The day previous, I had left, standing in the drive-way a beloved
brother and sister-in-law, of whom I missed also. This was compounding the sense of absence. The longer I lay there I began imagining Bettyann’s long, warm embrace,
sweet welcoming and more kisses than usual. Her presence seemed almost real in the moment. There also came moments of a joyful sense when recalling the farewell hugs and embracing of Bettyann’s sister and
her husband. What was this intertwining all about?

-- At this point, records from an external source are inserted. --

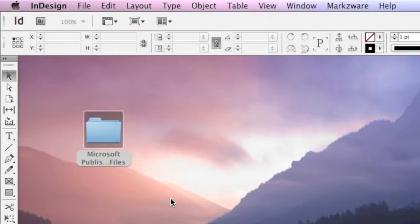Can Markzware's Pub2ID batch process multiple Microsoft Publisher files and convert them into Adobe InDesign? The answer is yes.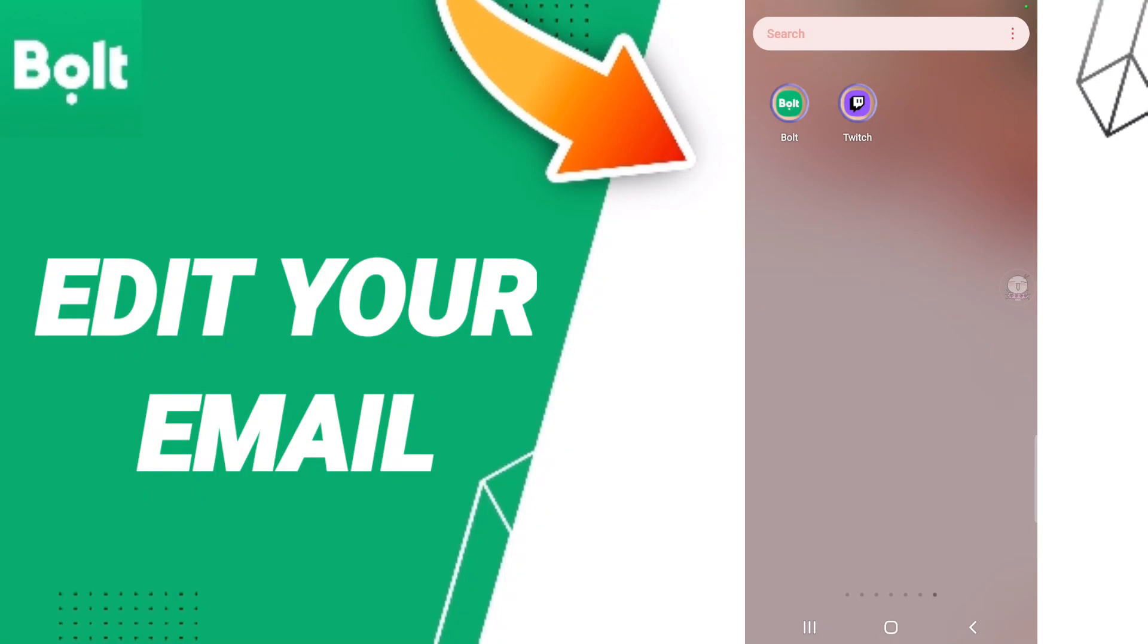Hi everyone, today we'll talk about how to update or change your email on the Bolt application. To know how to change or update your email on the application of Bolt, you should just go to the...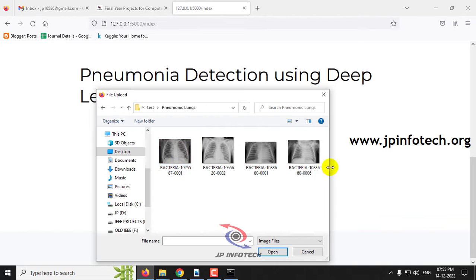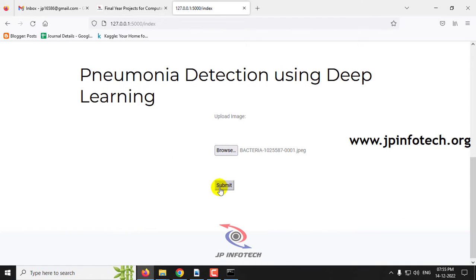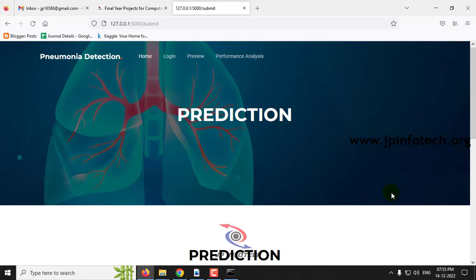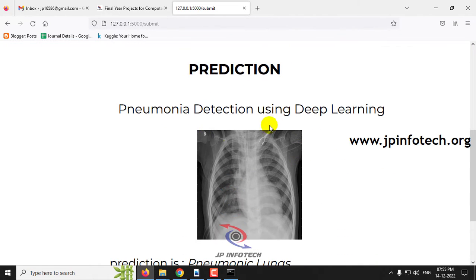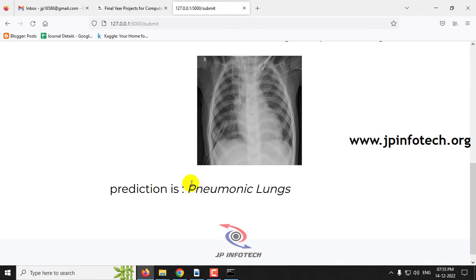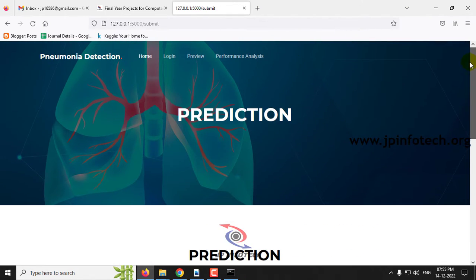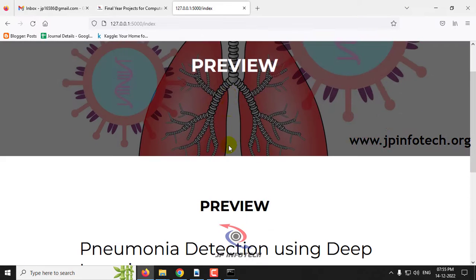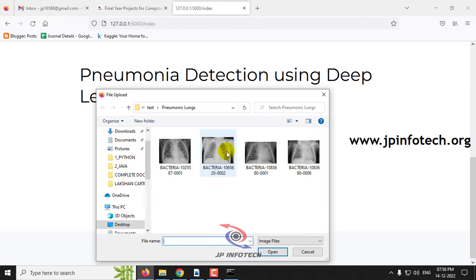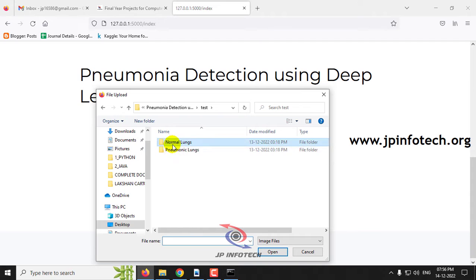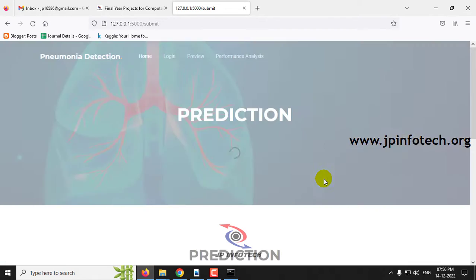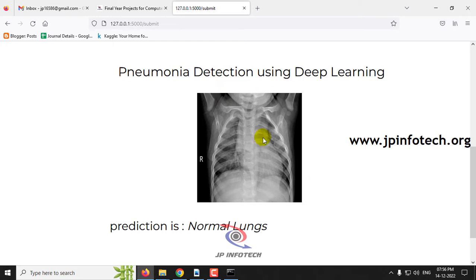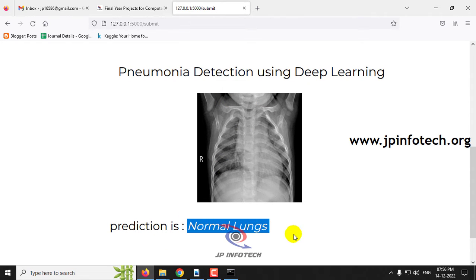Once login is successful, you will see a login success message — click OK. It will navigate to the preview page where you need to enter test images to predict whether pneumonia is detected or not. Click the Browse button, go to the test folder, select an image, and click Submit. You can see the uploaded preview image and the prediction result — for example, 'Pneumonia Lungs' or 'Normal Lungs' depending on the image selected.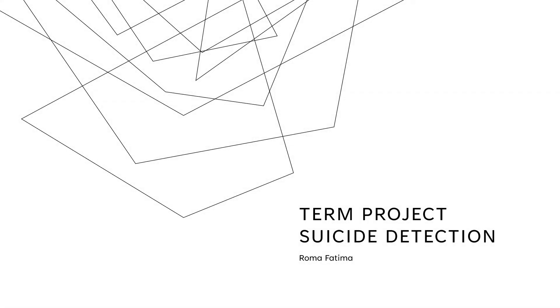Hello everybody, my name is Roma Fatima and this is my term project in data mining which is suicide detection.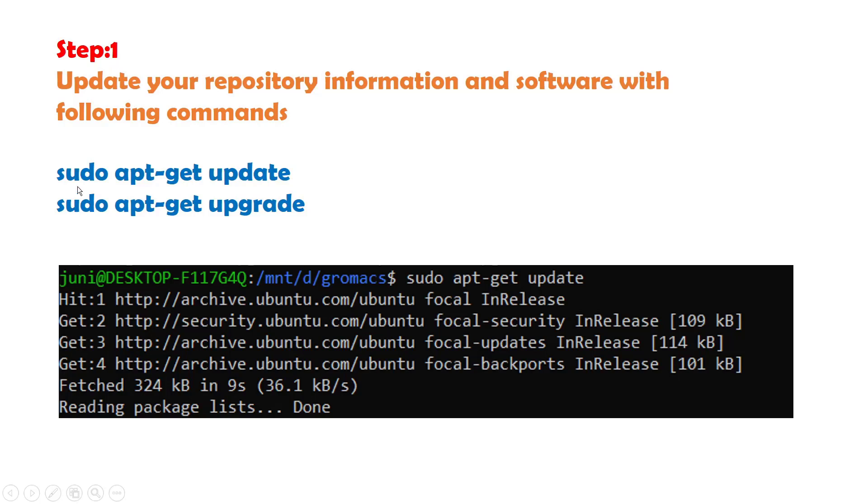sudo apt-get update and after the completion of this command you will give this command sudo apt-get upgrade. So it will update your system, and when you see the message that done it means that it's completed and then you will go for the second command.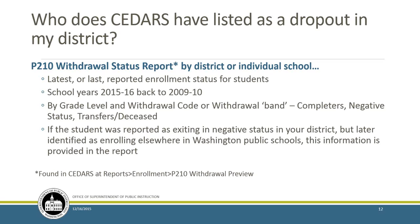You have radio buttons to select particular grade levels or all grade levels, and filter by withdrawal code or withdrawal code band: completers (graduates with diplomas, AAs, etc.), negative status (dropouts, unknowns, GED completers), or those identified as transfers or deceased. One tool many people don't know about: if a student was reported as exiting in negative status from your district, the report can show you which district Susan enrolled in after leaving yours—for example, if Yelm reported her as an unknown dropout last May and Spokane enrolled her, the report would identify the date she enrolled in Spokane.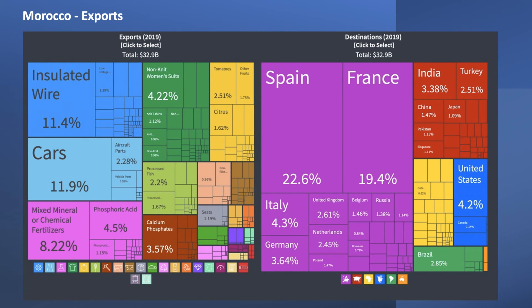You can download data on any country from the Observatory of Economic Complexity. Another good example is Morocco, which has just broken into the top 60 countries in the world by GDP and is close to the top 50 for exports. They have a car sector, a textile sector, and a farming sector. Insulated wire accounts for over 10% of their exports, and the bulk of exports goes to the European Union.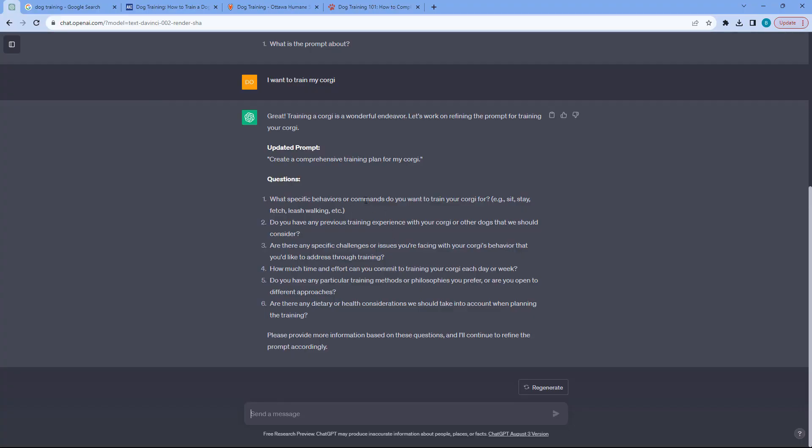What specific commands do I want to do? Does it have any previous training experience? Any challenges that I want to address? And then how much time can I commit? And then any particular philosophies? Any health conditions or dietary restrictions, et cetera.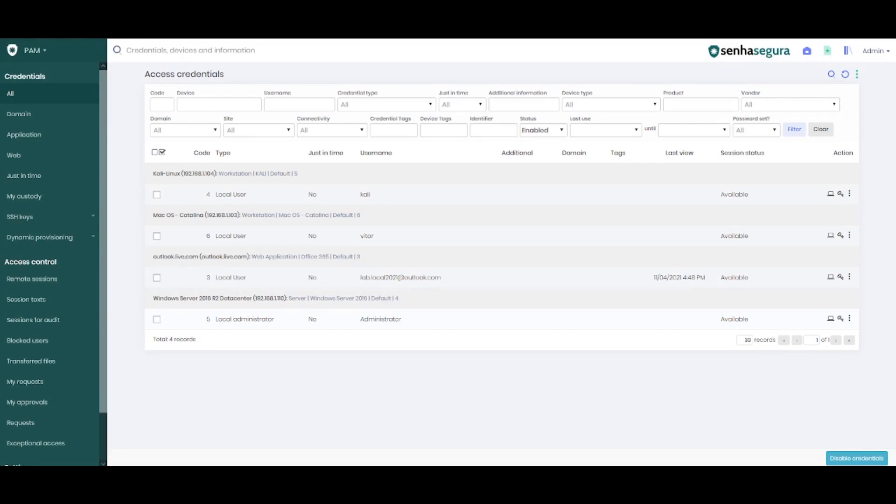Hello everyone, welcome to another Sinha Segura Shorts video. Today I'll teach you a tip to optimize the process for session calls using RDP gate or RDP proxy.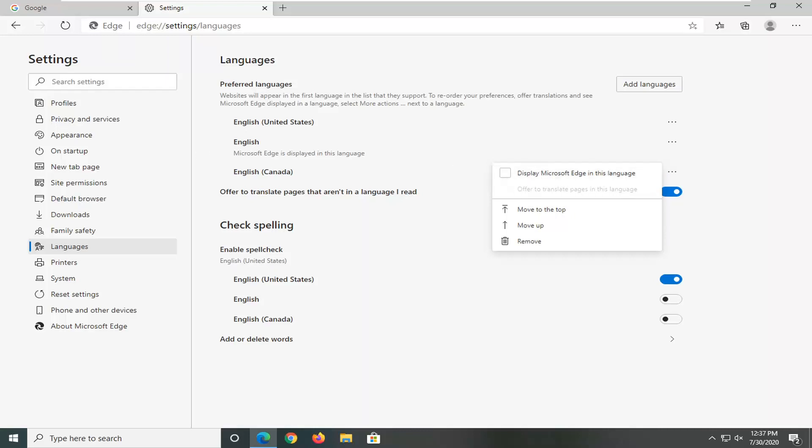So if you want to change the language you can also move it up so it's a more preferred language and you can also remove the language by clicking this little remove icon next to the trash can.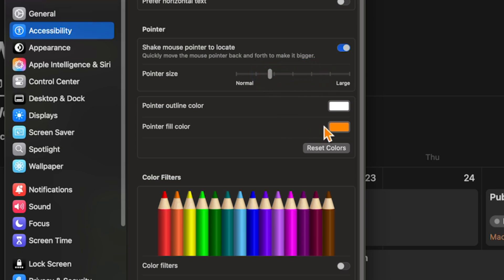While you're in this section, you can also fine-tune your display contrast to suit your eyes.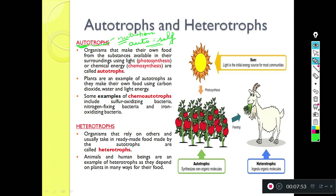The organisms that make their own food from substances available in their surroundings using light, by photosynthesis, are autotrophs. Sun gives light, and light is the initial energy source for most communities. Organisms making their own food using light do photosynthesis, while some organisms use chemical energy and do chemosynthesis.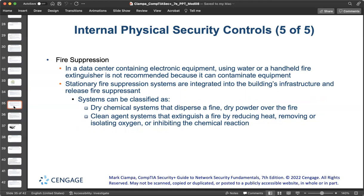Fire damage is a constant threat to persons, property, and computer systems. Fire suppression includes attempts to reduce the impact of fire. In a data center containing electronic equipment, using water or handheld fire extinguishers is not recommended as it can contaminate equipment. Instead, stationary fire suppression systems integrated into the building's infrastructure release fire suppressants — either dry chemical systems that disperse fine dry powder over the fire, or clean agent systems that do not harm people, documents, or electrical equipment, extinguishing fire by reducing heat, removing oxygen, or inhibiting the chemical reaction.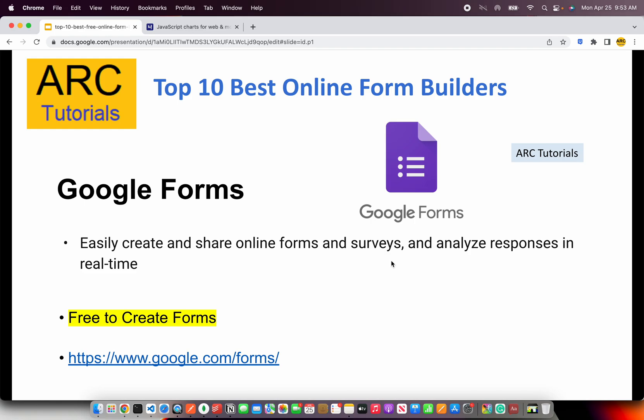The first one on our list is Google Forms. Since it's from Google, it's free to create if you have an existing Google account. They are easy to create, easy to share online, easy to capture responses and quickly analyze them. They also offer different options to export the results. Do check them out at google.com/forms.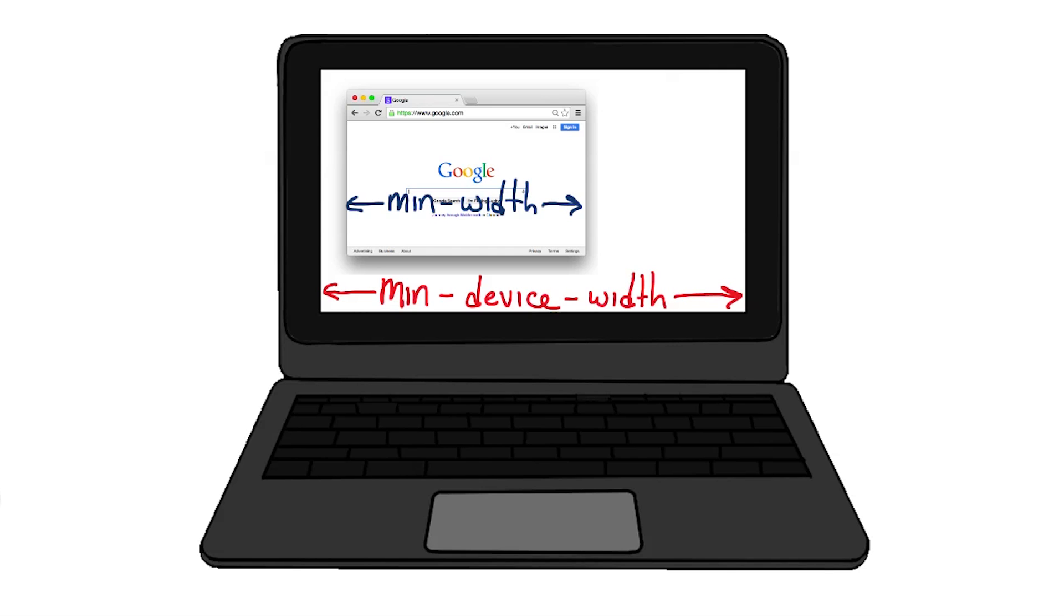In addition, using device-width can prevent content from adapting on desktops or other devices that allow windows to be resized, because the query is based on the actual device size rather than the browser window.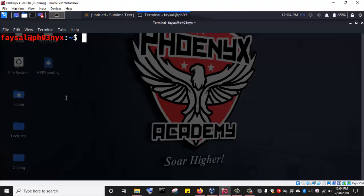OpenVAS is an open-source vulnerability scanner developed and maintained by Greenbone Networks. In this lecture, we are going to install and set up OpenVAS. The first thing we're going to do prior to installing OpenVAS is update our repository list by running the command sudo apt update.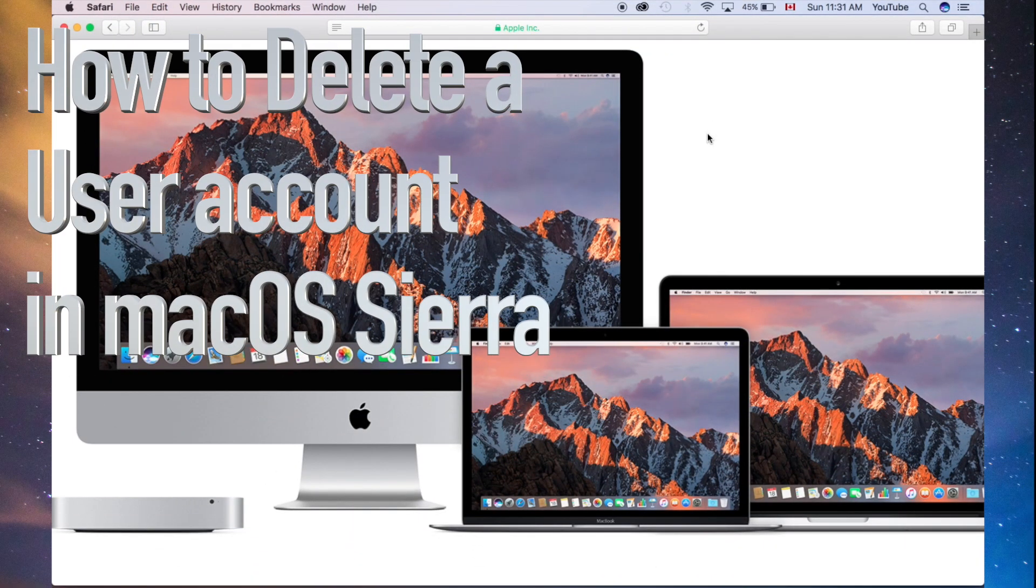Hey guys, on today's tutorial, I'm going to teach you how to delete an account from your Mac.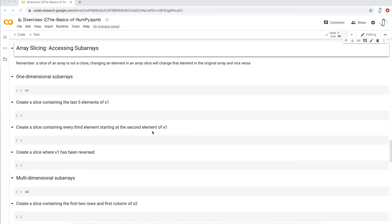Let's talk about array slicing and accessing subarrays using the NumPy library. I have this Python notebook open here. You can download the same notebook from the links in the description — one link has just the exercises, with no solutions, and the second link has the solutions. I'm going to show you my approach to solving some of these exercises on accessing subarrays.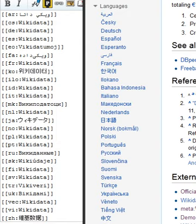Statements are how any information known about an item is recorded in Wikidata. Formally, they consist of key-value pairs, which match a property such as 'Author' or 'Publication Date' with one or more values such as 'Sir Arthur Conan Doyle' or '1902'.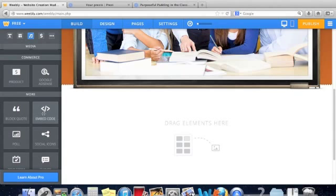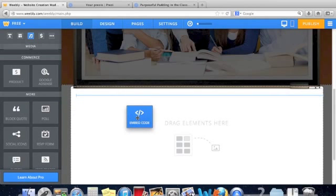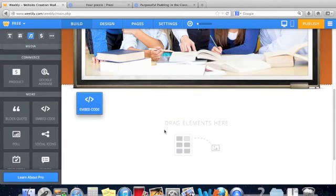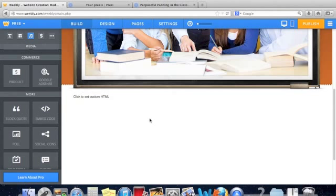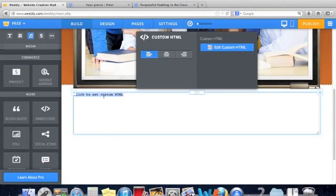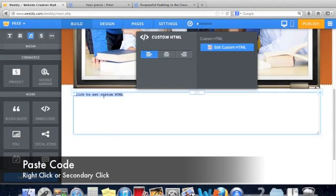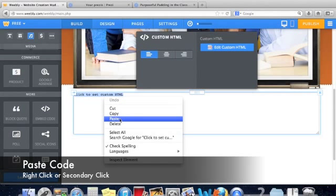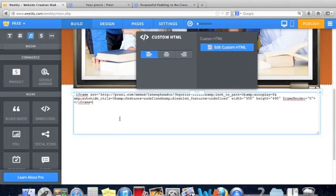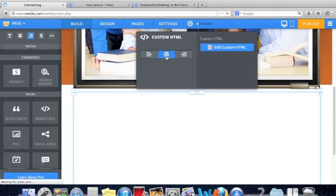You have to drag over this little block and drop that element right here on your page. Now in this box, it says click to set your custom HTML. So simply click and then we're going to paste in that code by doing a right click or secondary click on a Mac and paste. You can adjust to center or move to the right or left for your Prezi.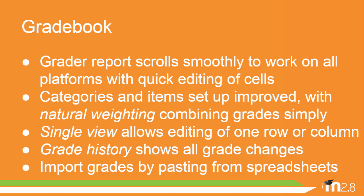Grade history allows you to easily view changes made to grades and it's now possible to import grades by copying and pasting from a spreadsheet.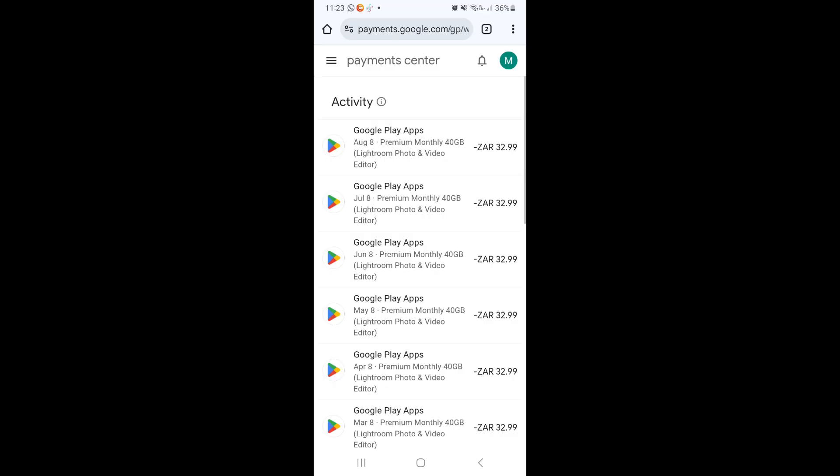Welcome to the channel ladies and gentlemen. Today I'm going to show you how you can delete a payment profile in your Google Play, so let's do it. What we want to do is jump onto our Android device.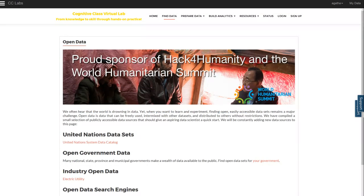By clicking on the Open Data link, you'll be connected to many sources of open data, including the United Nations datasets, open government data, industry open data, and open data search engines.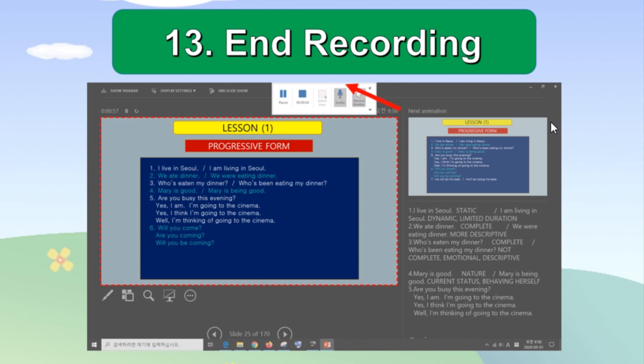From the tool box, click stop button, the second tool, to end the recording.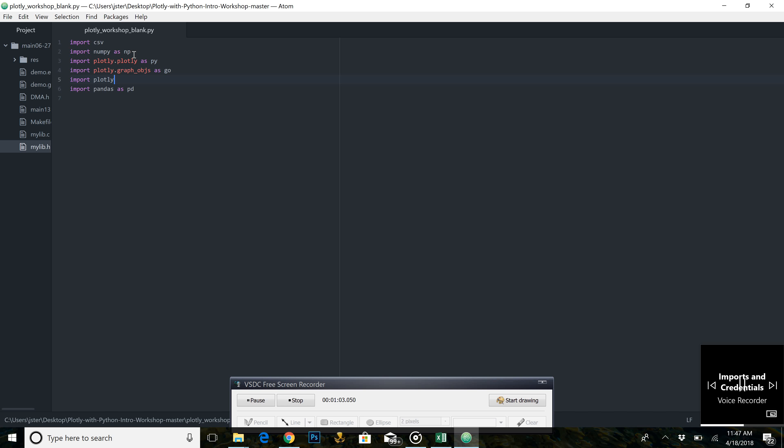Plotly, this gives us access to all methods we will be using to create the graph, specifically setting our credentials. Pandas, this gives us the ability to create a data frame from our CSV files.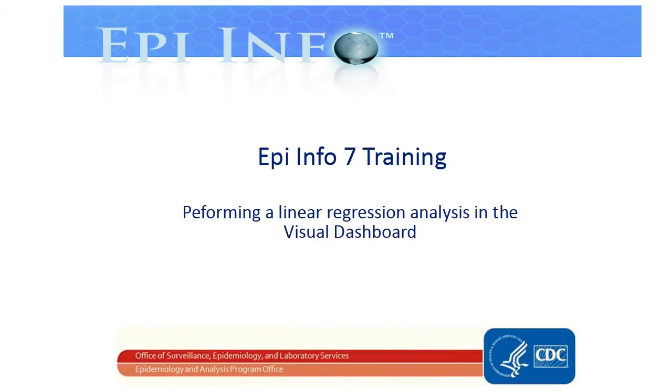Welcome to EpiInfo7 training. In this video, we'll show how to perform a linear regression analysis in the Visual Dashboard.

Going to my lounge chair, as my routine would have it, crowning head phones with iHeart classical music, I chose the book on top of my stack next to my chair which I had left when evacuating last November. Then a God thing happened! The book is entitled: This Great Unknowing: Last Poems, which had sat on a book shelf for years, unread. I turned to where I had dog eared the beginning of the poem titled “Moments of Joy” where Denise Levertov relates the story of an old scholar who takes a room on the next street down from his grown children—”the better to concentrate on his unending work, his word, his world.” And though he comes and goes while they sleep, his children feel bereft. They want him nearer. But at times it happens that a son or daughter wakes in the dark and finds him sitting at the foot of the bed, or in the old rocker—”sleepless in his old coat, gazing into invisible distance, but clearly there to protect as he had always done.” The child springs up and flings her arms about him, pressing a cheek to his temple and taking him by surprise: “Abba!” the child exclaims in tears, and Levertov concludes:
“And the old scholar, the father,
is deeply glad to be found.
That’s how it is, Lord, sometimes;
You seek, and I find.”
is deeply glad to be found.
That’s how it is, Lord, sometimes;
You seek, and I find.”
I
thought at one time, I surmise, as most folk; that the majority of my
life has been spent searching for God, but perhaps it is more accurate to say
that I have been sought. Even so, like the children in Levertov’s poem,
time and again I have found myself bereft of God’s presence. Sometimes it just
feels like I am sitting in the dark.
A long time ago, during one of my annual, cloistered, spiritual retreats, a Catholic sister told me that God’s presence is not the opposite of God’s absence. At first glance this didn’t seem the least bit encouraging. And yet, maybe I have seen this notion lived out after all. For even when I am most stirred by God’s nearness—when God’s presence seems an undeniable truth—am I not also simultaneously stung by the ache of longing to be nearer or the reality of not quite yet being at home? Even in my best encounters with God, presence and absence remain intertwined. What might this then mean for the moments when I am feeling tormented by God’s absence?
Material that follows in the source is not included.